Question

A reflecting surface is represented by the equation $y=\frac{2L}{\pi }sin\left(\frac{\pi x}{L}\right),0\le x\le L$. A ray travelling horizontal becomes vertical after reflection. The co-ordinates of the point(s) on which this ray is incident.

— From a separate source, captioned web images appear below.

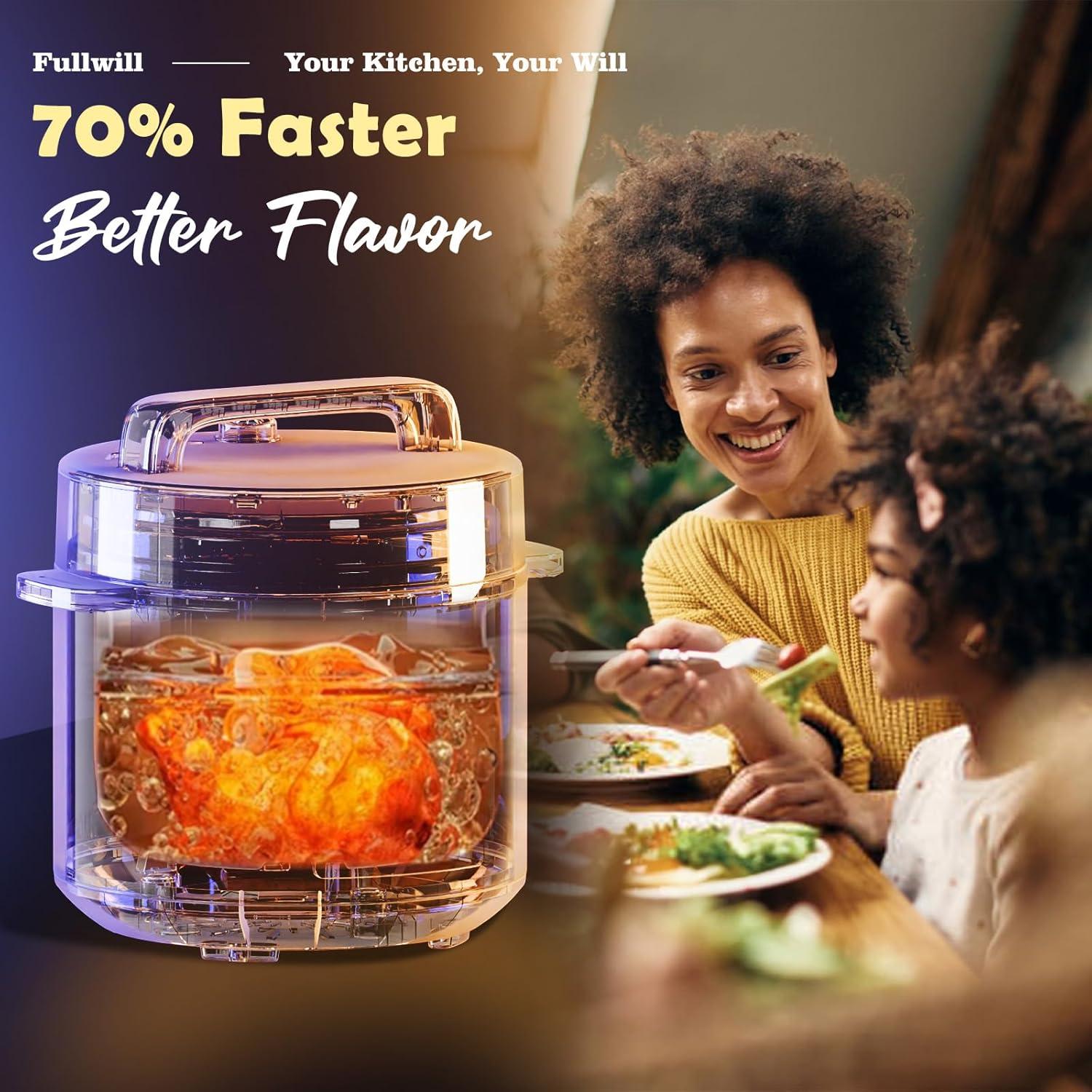 Fullwill Electric Pressure Cooker Uni 6qt, 9-in-1 Multi-Functional Slow Cooker, Rice Cooker, Yogurt Maker, Cake Maker, Sauté Pan, Steamer, Food Warmer, Soup Maker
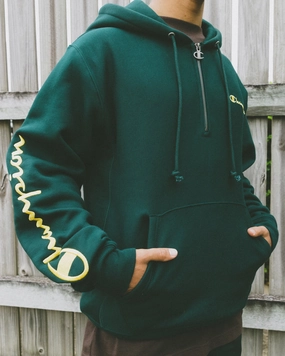 Champion Reverse Weave Quarter Zip Hoodie Midfield Green Trail Comfort Layer Function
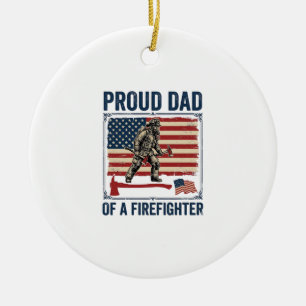 Stolzer Vater eines Feuerwehrmanns Vintage-Flagge Keramik Ornament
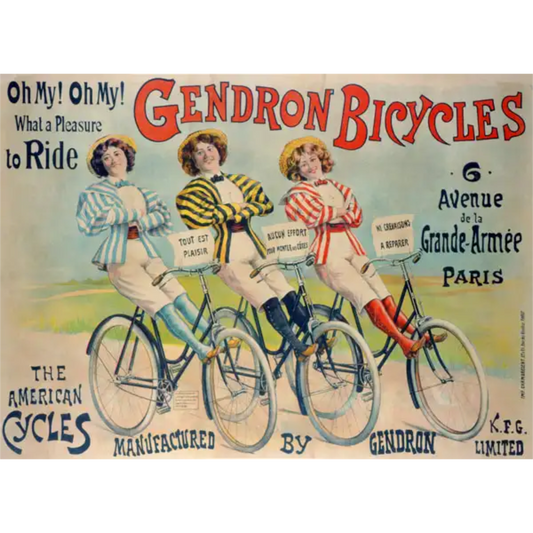Gendron Bicycles – Avenue de la Grande Armée, Paris | Vintage French Cycling Poster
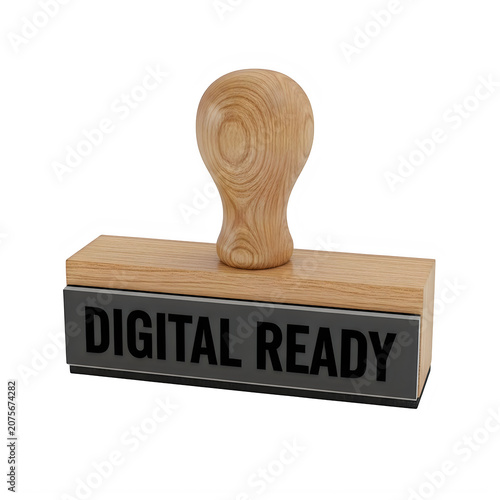 Digital stamp with ready label on wooden block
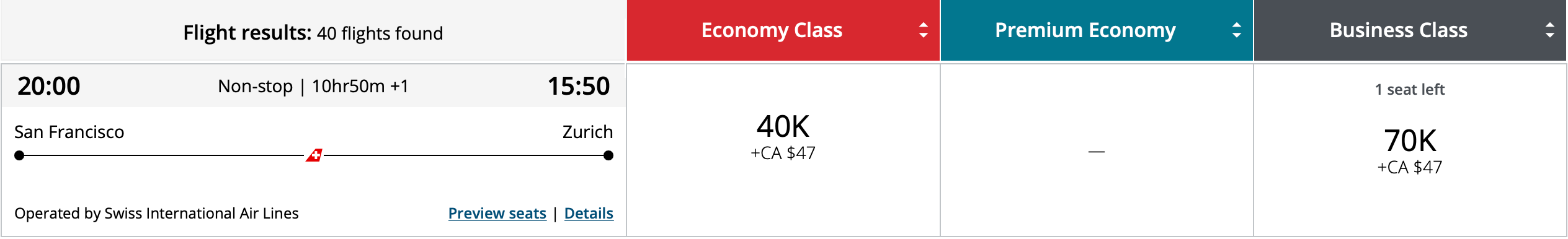 San Francisco to Zurich Aeroplan award itinerary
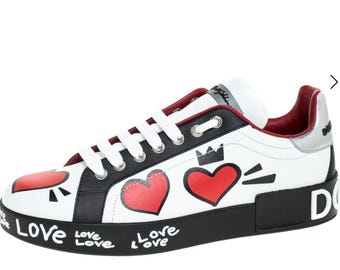 Zapatillas deportivas de piel con estampado de grafiti Dolce & Gabbana Portofino Love Heart, talla EU 39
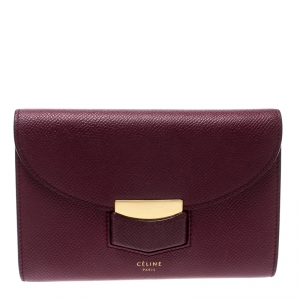 Pre Owned Celine Burgundy Leather Trotteur Clutch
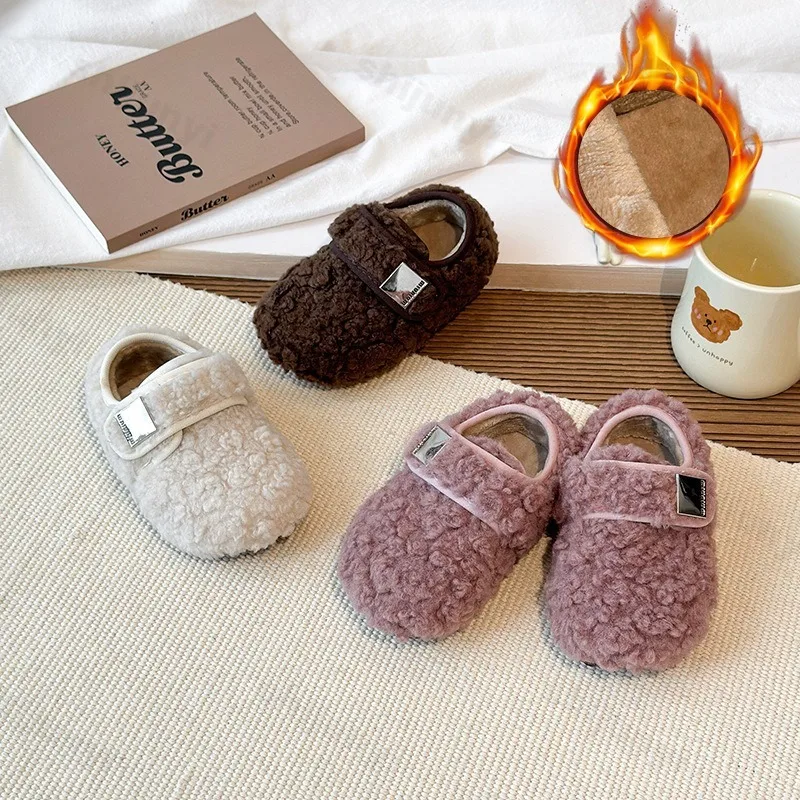 

Winter Girls Cotton Shoes Fashion Kids Soft Bottom Outdoor Princess Shoes Warm Children Plush Toddler Comfortable Causal Shoes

• A. $(\frac{L}{4};\frac{\sqrt{2}L}{\lambda })$
• B. $(\frac{L}{3};\frac{\sqrt{3}L}{\pi })$
• C. $(\frac{3L}{4};\frac{\sqrt{2}L}{\lambda })$
• D. $(\frac{4L}{3};\frac{\sqrt{4}L}{\pi })$

Answer 1

The correct option is B $(\frac{L}{3};\frac{\sqrt{3}L}{\pi })$

As the Incident ray is horizontal 0 deg, and reflected ray is vertical 90 deg.
So the slope at point of reflection should be $\frac{90-0}{2}={45}^o$.
The derivative of equation of mirror surface, we get
$\frac{dy}{dx}=2cos\left(\frac{\pi x}{L}\right)=tan\left({45}^o\right)=1$
So, $x=\frac{L}{3}$.
and using equation of mirror surface,
$y=\frac{\sqrt{3}L}{\pi }$